Los padres de Martín entraron en la habitación de su hijo de nueve años interrumpiendo su singular mantra. Aquélla probablemente sería la última Navidad en la que su hijo esperaría con ilusión la llegada de unos personajes mágicos que venían de un lugar indeterminado de Oriente para colmarle de obsequios. Por eso, sus progenitores querían hacer lo posible para que tuviera todo lo que había pedido.

– ¿Aún no duermes, Martín?- preguntó la madre, que esperaba encontrar a su hijo en brazos de Morfeo, para hacer que las estrellas proyectadas por luz de la lámpara de mesa dejaran de danzar por la habitación.

– Estaba mandando mensajes mentales a los Reyes Magos para que no se olviden de ningún regalo -contestó Martín con decisión.

– Los Reyes Magos tienen una memoria prodigiosa.
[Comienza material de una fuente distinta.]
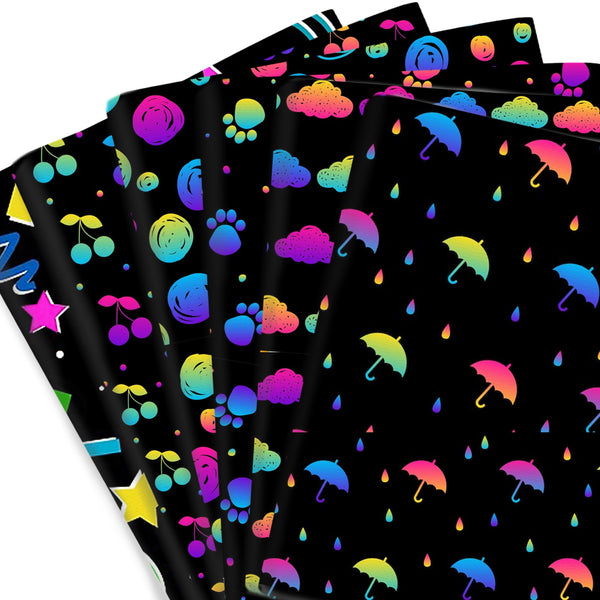 1pc Black Rainbow Series Dog Footprint Constellation Flower Pattern Quilting Fabric-17.7x19.68inch(45x50cm) Polyester Cotton Craft Fabrics DIY Handmade Projects Doll Clothes Fabric Precut For Patchwork Craft(108gsm)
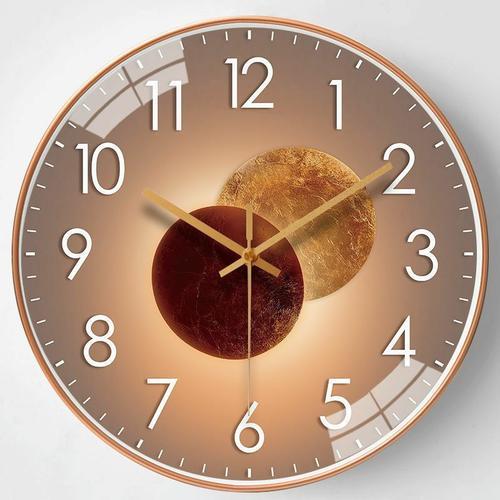 Kcbbe 30cm Horloge Murale Design Moderne Silencieuse, Horloge Murale Mute Silencieuse Pendule Murale pour La Chambre Cuisine Salon, Horloge Murale Digitale pour Bureau et Cafétéria - Or Rose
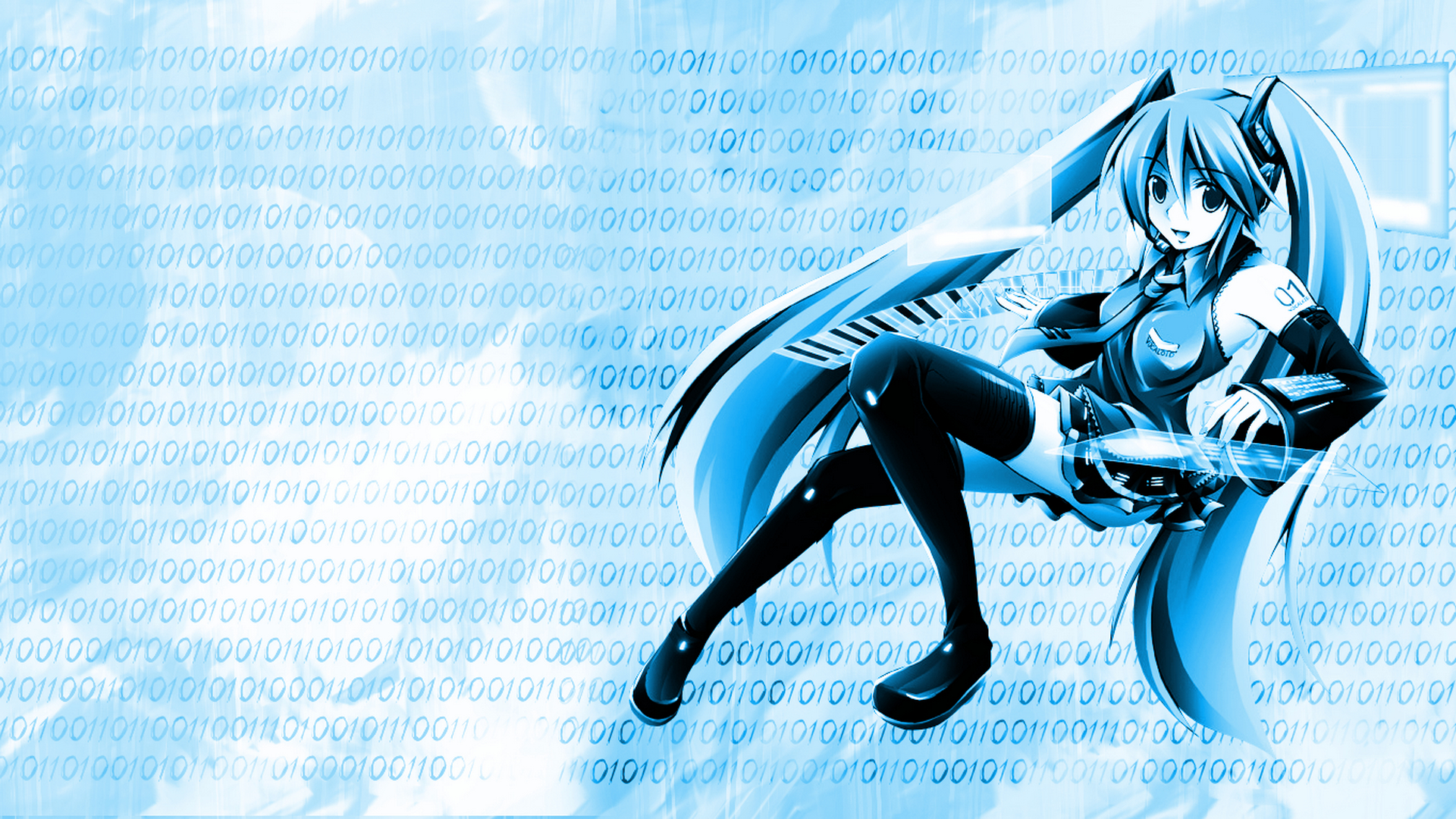 Hatsune Miku from Vocaloid with Binary Code HD Wallpaper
A veces, eso sí, no pueden traer todo lo que se les pide. Hay muchos niños en el mundo -le explicó el padre, asomando la cabeza tras la madre.

– Pues yo quiero que me traigan todo lo de la carta, por eso les mando señales telepáticas -insistió el niño con cierto enojo.

– Bueno, ahora duérmete. Ellos lo ven todo y si no te portas bien aún están a tiempo de no traerte todo lo que has pedido -advirtió la madre arropando a Martín y poniendo fin al recorrido de las constelaciones por las paredes y techo de la habitación.

– Buenas noches -susurró el padre, mientras desaparecía tras el marco de la puerta.
La madre cobijó un ‘felices sueños’ en un beso en la mejilla y Martín se durmió sin terminar el enésimo recuento de regalos.

Al día siguiente, por la tarde, Martín fue con sus padres a ver la cabalgata de reyes. Había pasado todo el día muy nervioso, tanto que incluso le había costado comer. De hecho, había escondido parte de la comida bajo la mesa con la esperanza de que la acción no sería observada por ninguno de los Reyes. Martín supuso que, como andarían de camino, no estarían pendientes de las últimas travesuras de los niños.

El niño estaba preocupado porque temía no haber escrito la carta con su mejor letra y que hubiera regalos cuyo nombre no pudiera entenderse. También temía haberse dejado alguna cosa. A pesar de que sus padres le habían advertido que los Reyes nunca pueden traer todo lo que se les pide porque hay muchos niños en el mundo y que debe haber para todos, él quería que le dejaran el mayor número posible de juguetes. Así que, durante el desfile, se aseguró bien de chillarles de nuevo toda la lista a cada uno de los Reyes.

Mientras Martín exigía a los monarcas, voz en grito, que debían traerle todo lo que les demandaba, sus padres le observaban con una mezcla de ternura y preocupación. Su hijo ya tenía nueve años y cada vez se volvía más y más exigente. Pese a que ellos habían intentado darle todo lo que ellos, a su edad, creían no haber tenido, él siempre quería más.

Mientras Martín exigía a los monarcas, voz en grito, que debían traerle todo lo que les demandaba, sus padres le observaban con una mezcla de ternura y preocupación.

Por la noche, después de cenar y esconder parte de la comida, esta vez en una maceta con un ficus, Martín empezó su espectáculo preferido de la noche de reyes. El niño tenía una táctica que, tras años de ensayo y perfeccionamiento, funcionaba con precisión alemana. Primero, con aparente diligencia y serenidad preparaba una platito con tres pedazos de turrón, uno para cada Rey Mago, y un cubo de agua y unas hojas de col para cada camello. Este acto generoso y adorable despertaba el orgullo y el cariño de sus padres que bajaban unas defensas, ya de por sí poco convincentes. Entonces Martín, veterano de cientos de batallas emocionales, empezaba a insistir en que creía haber visto a los Reyes Magos dejar ya los regalos. Los padres le contemplaban con ternura y aseguraban que los monarcas, aunque pueden llegar a todas partes del mundo, tampoco son tan rápidos. Ante esta respuesta, poco original pues ya llevaba años escuchándola, el niño bajaba la cabeza e iniciaba el primer ataque, serio y calculadamente sutil, contra la resistencia emocional de sus padres. Martín empezaba a sollozar, primero tímidamente.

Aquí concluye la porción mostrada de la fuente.